Repeat the following entries verbatim, apart from the pictures.

(Beginning of DATA UNDER STUDY)

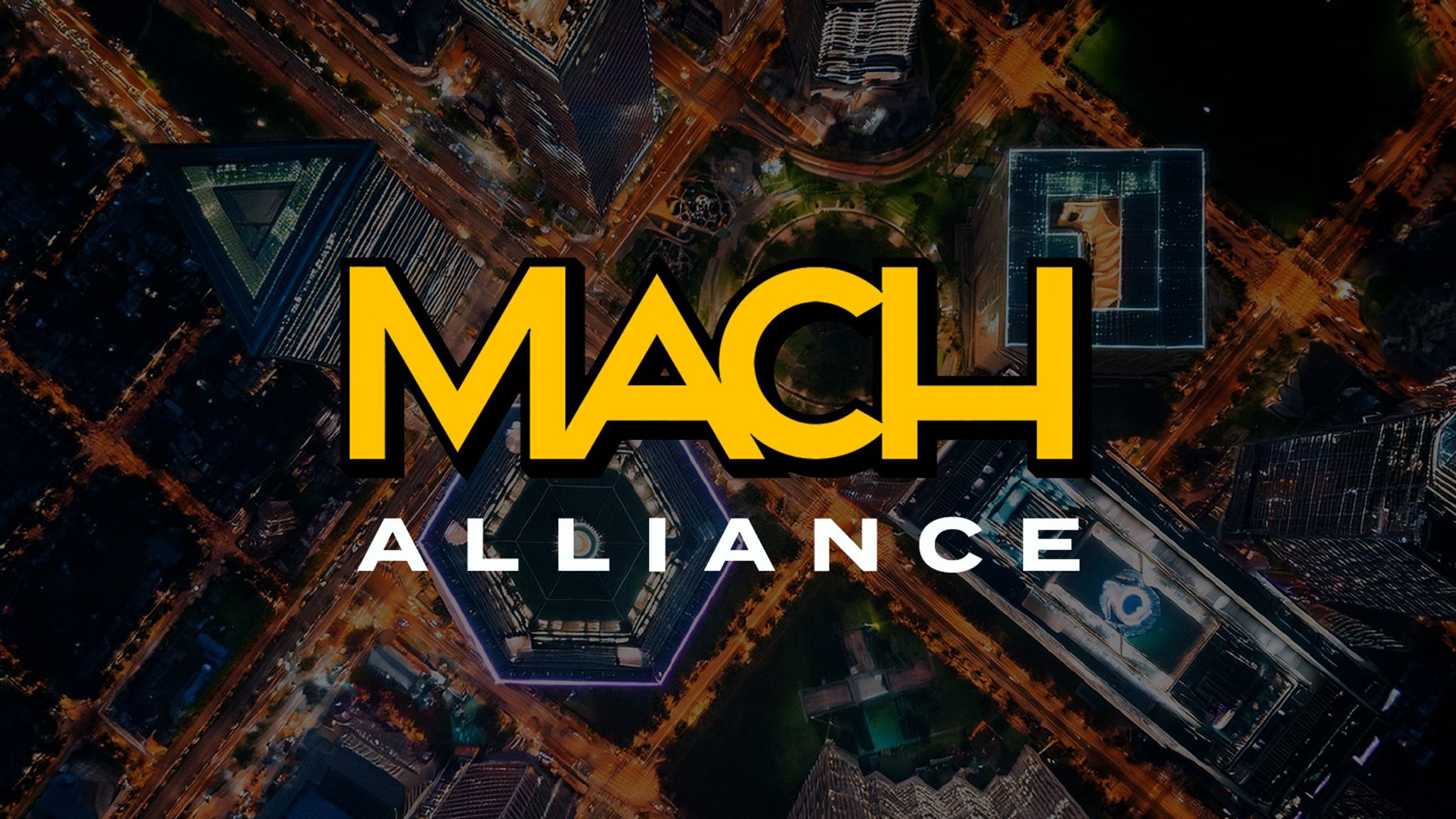 MACH Alliance logo against a city image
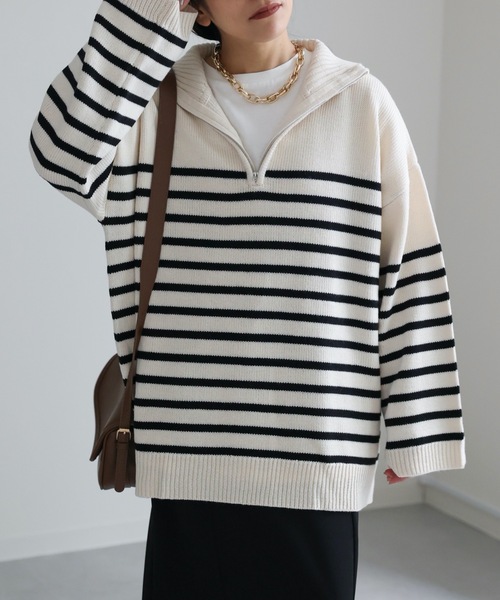 ap retro（アプレトロ）の「ハーフZIPオーバーニット パネルボーダー/無地（ニット/セーター・レディース・ブラウン/アイボリー/ブラック/ブラック系その他/ホワイト系その他・FREE）」の9枚目の写真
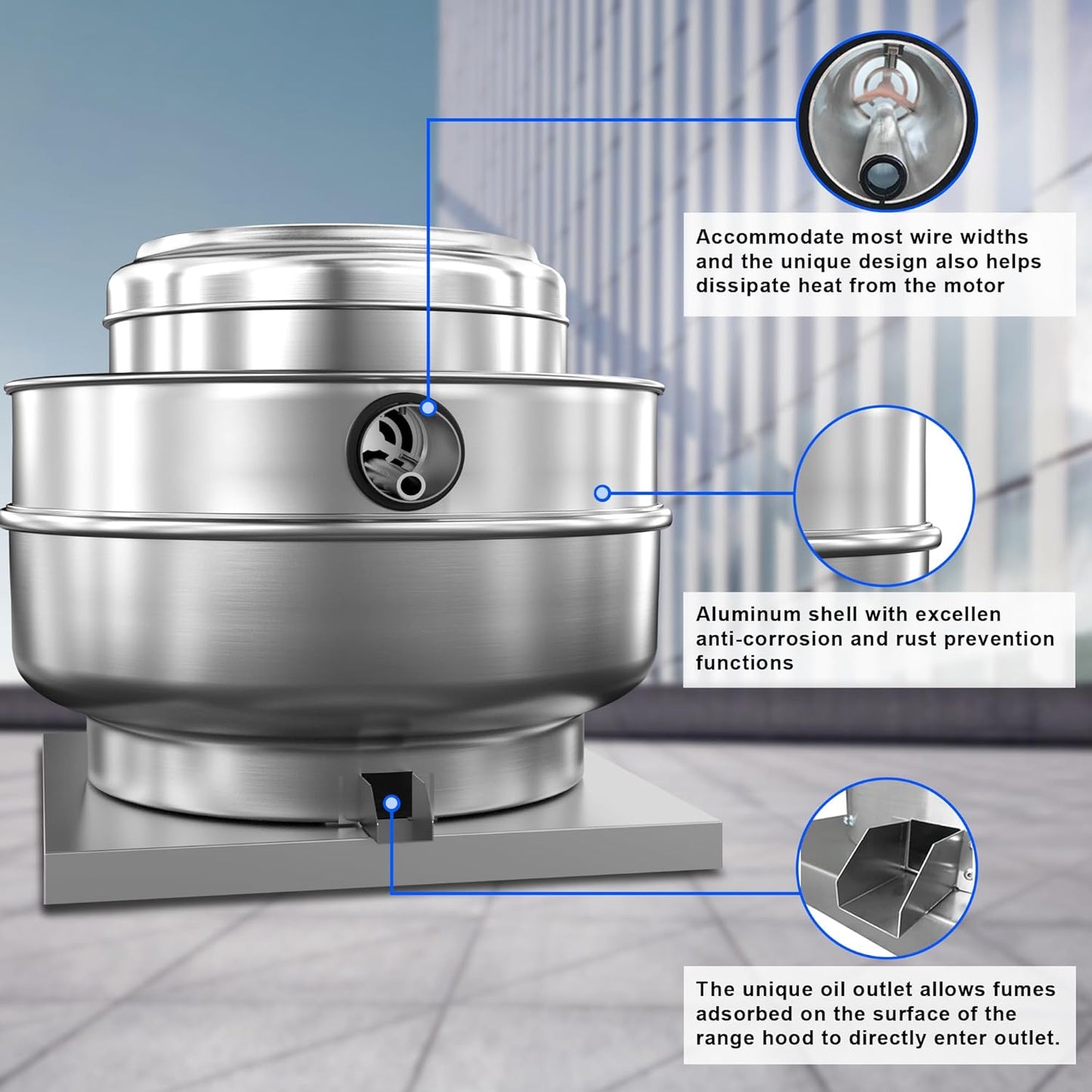 Restaurant Hood Grease Rated Exhaust Fan- Fodd Truck High Speed Direct Drive Centrifugal Upblast Exhaust Fan 1HP 110 Volt Single Phase Motor 3500 CFM
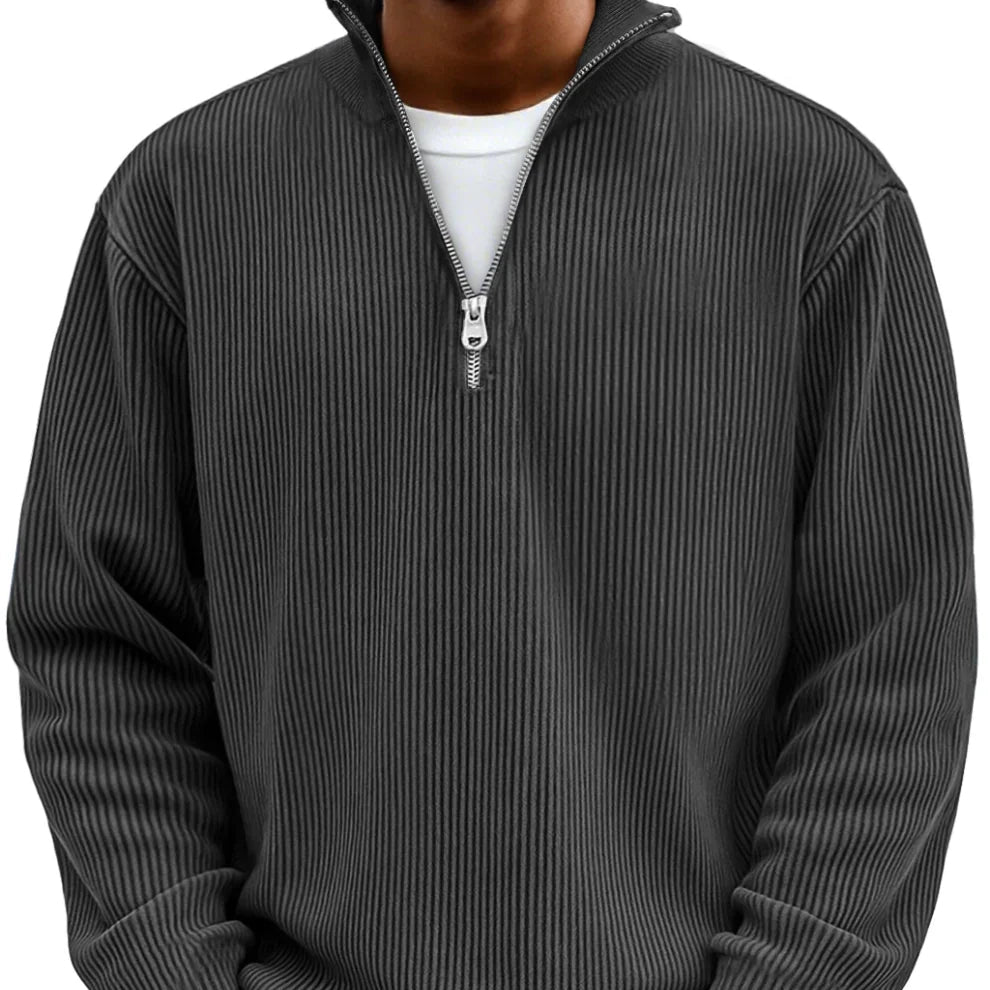 Kamil – Gerippter Zip-Collar Pullover im modernen Herren-Casual-Look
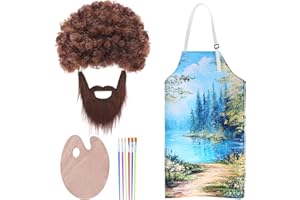 Kyson 80's Painter Costume 10 Pcs Brown Afro Wig Fake Whiskers Aprons Painting Brushes Set for Halloween Couple Cosplay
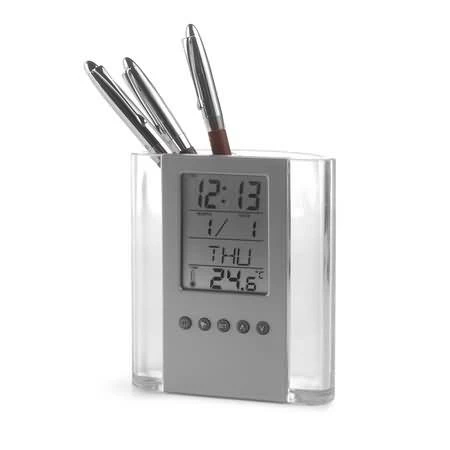 Írószertartó LCD kijelzővel, órával, ébresztővel, dátum és napok jelzővel, és hőmérővel.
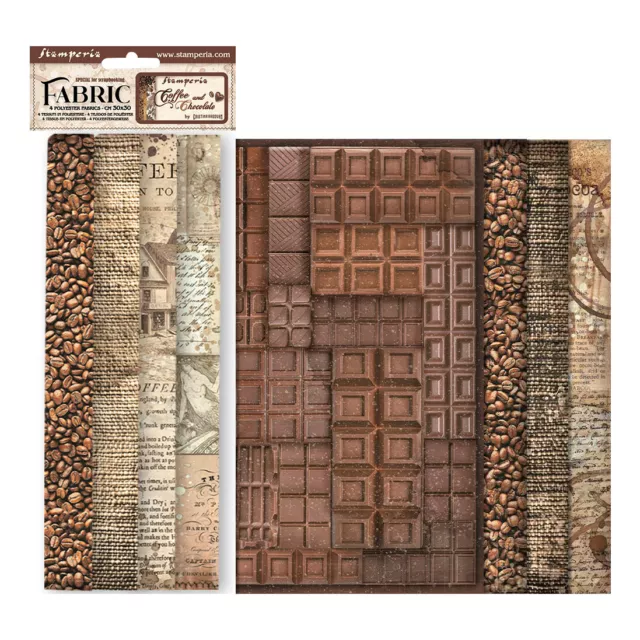 Stamperia Stoffpaket Coffee and Chocolate 4-tlg. 30x30cm Patchwork Stoffe DIY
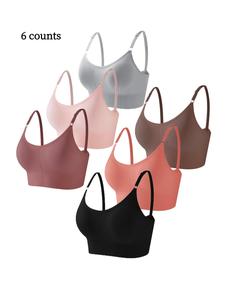 Women's Solid Adjustable Strap Wireless Bra, Breathable Removable Padded Lingerie Top for Daily Wear, Softness Lingerie for All Seasons
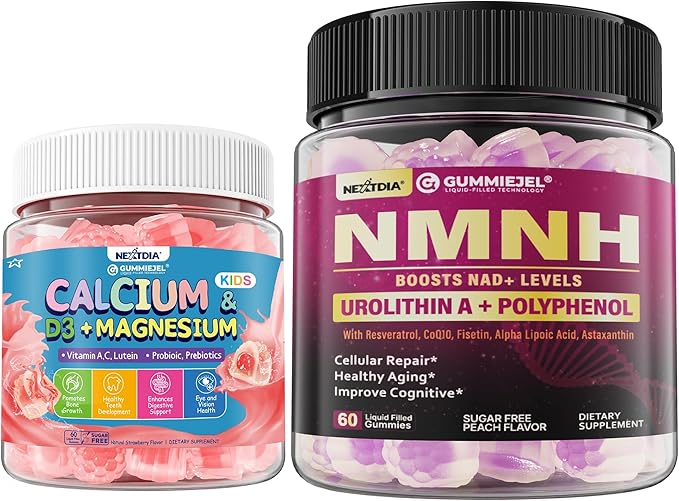 NAD+ Supplement for Women with Urolithin A, Polyphenol Complex, Resveratrol + Kids Calcium Gummies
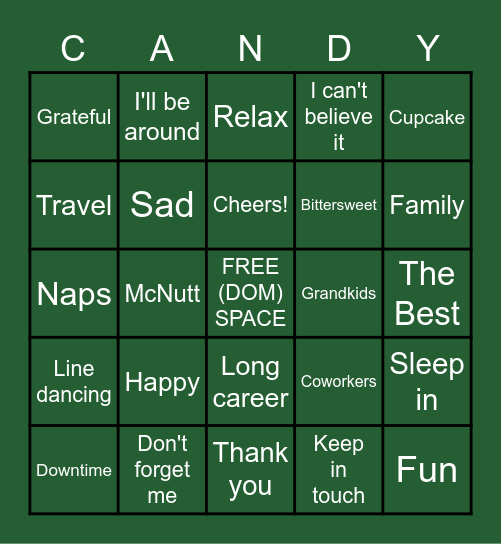 Retirement Party Bingo Card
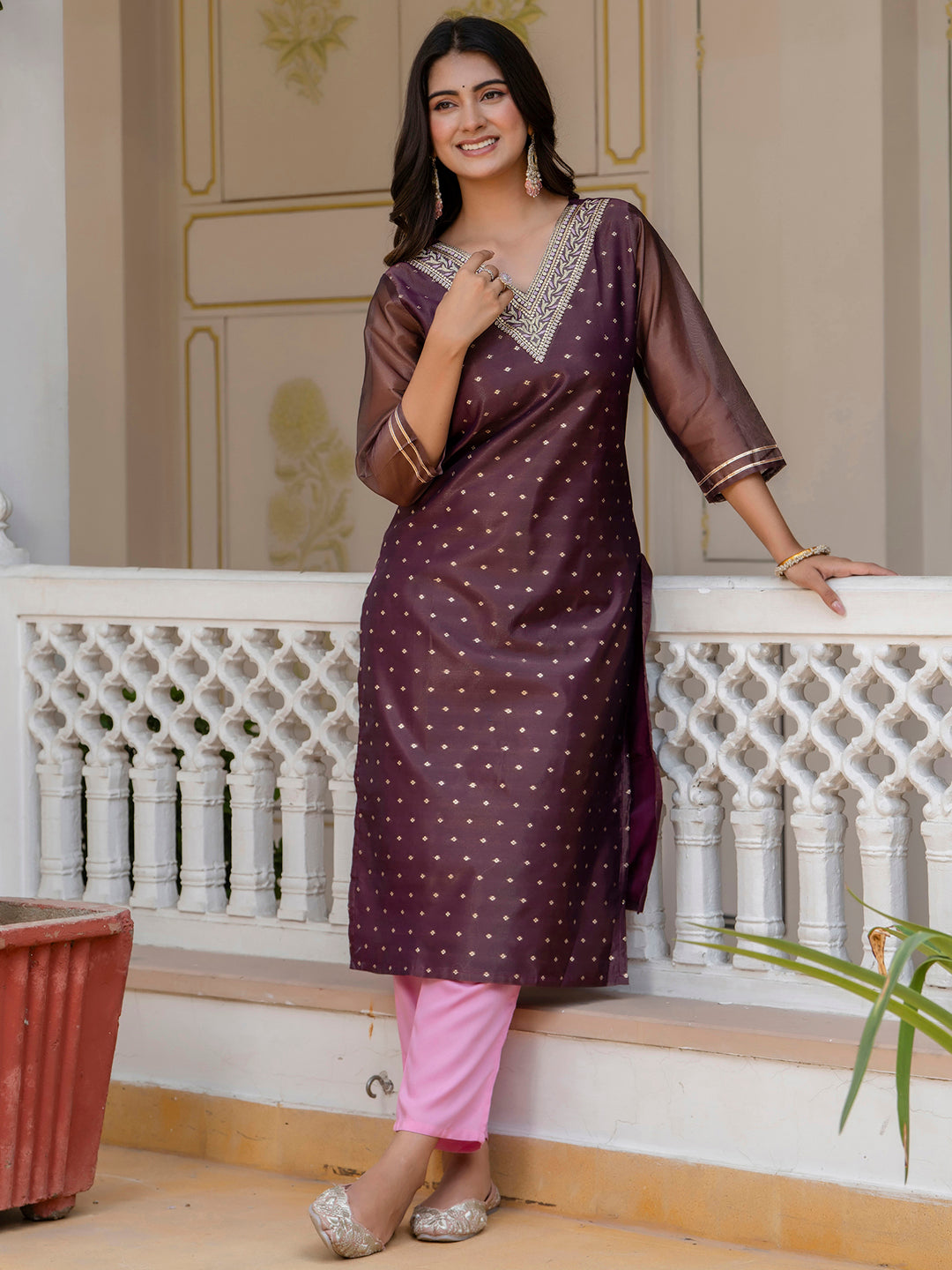 Women Embroidered Silk Blend Straight Kurta - FitVibe Fashion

(End of DATA UNDER STUDY)

SOLUTION BELOW:
 MACH Alliance logo against a city image
 ap retro（アプレトロ）の「ハーフZIPオーバーニット パネルボーダー/無地（ニット/セーター・レディース・ブラウン/アイボリー/ブラック/ブラック系その他/ホワイト系その他・FREE）」の9枚目の写真
 Restaurant Hood Grease Rated Exhaust Fan- Fodd Truck High Speed Direct Drive Centrifugal Upblast Exhaust Fan 1HP 110 Volt Single Phase Motor 3500 CFM
 Kamil – Gerippter Zip-Collar Pullover im modernen Herren-Casual-Look
 Kyson 80's Painter Costume 10 Pcs Brown Afro Wig Fake Whiskers Aprons Painting Brushes Set for Halloween Couple Cosplay
 Írószertartó LCD kijelzővel, órával, ébresztővel, dátum és napok jelzővel, és hőmérővel.
 Stamperia Stoffpaket Coffee and Chocolate 4-tlg. 30x30cm Patchwork Stoffe DIY
 Women's Solid Adjustable Strap Wireless Bra, Breathable Removable Padded Lingerie Top for Daily Wear, Softness Lingerie for All Seasons
 NAD+ Supplement for Women with Urolithin A, Polyphenol Complex, Resveratrol + Kids Calcium Gummies
 Retirement Party Bingo Card
 Women Embroidered Silk Blend Straight Kurta - FitVibe Fashion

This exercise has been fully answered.